Mathieu en a fait l’expérience. En 2021, il courait sans attente, inconnu du grand public. Deux ans plus tard, il était sous les projecteurs. « Cette fois-là, j’ai eu tout à perdre. Et ce stress m’a vidé avant même le départ. »

Avec le recul, il y voit une leçon : le stress n’est pas l’ennemi, il peut devenir un allié. L’essentiel est de le canaliser, d’en faire une source de concentration plutôt qu’un poids.

Avant la course : rester léger

À l’inverse de nombreux athlètes qui s’enferment dans le silence avant le départ, Marianne Hogan préfère la légèreté. « Je sais que je cours mieux quand je suis détendue. Rire avec les gens que j’aime m’aide à aborder la course avec plaisir. »

Mathieu Blanchard partage cette philosophie. Lui aussi préfère aborder les grands départs avec légèreté. Une heure avant une course, il aime écouter de la musique, plaisanter avec ses proches, chanter dans la voiture. Ce rituel lui permet de relâcher la pression et de replacer l’événement à sa juste échelle : il ne s’agit, après tout, que d’une course. Pour lui, le mental se nourrit de cette simplicité, de la capacité à garder le plaisir au cœur de l’effort.

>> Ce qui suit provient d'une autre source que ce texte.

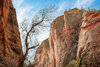 _DSC4136-Pano-Edit.jpg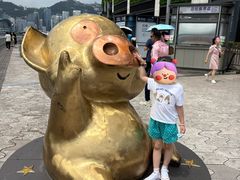 -星光大道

La vulnérabilité, la véritable force

À mesure que la discussion avance, une idée s’impose : la force mentale n’est pas celle du coureur impassible, mais celle de l’athlète lucide, capable d’accepter ses limites. « Pour moi, le mental, c’est la capacité d’adaptation et le contrôle des émotions », résume Marianne. « Et j’ajouterais la résolution de problèmes », complète Mathieu.

Derrière l’image du coureur inébranlable se cache en réalité une grande sensibilité. Le véritable mental, c’est sans doute celui qui accepte de douter, de plier parfois, mais jamais de renoncer.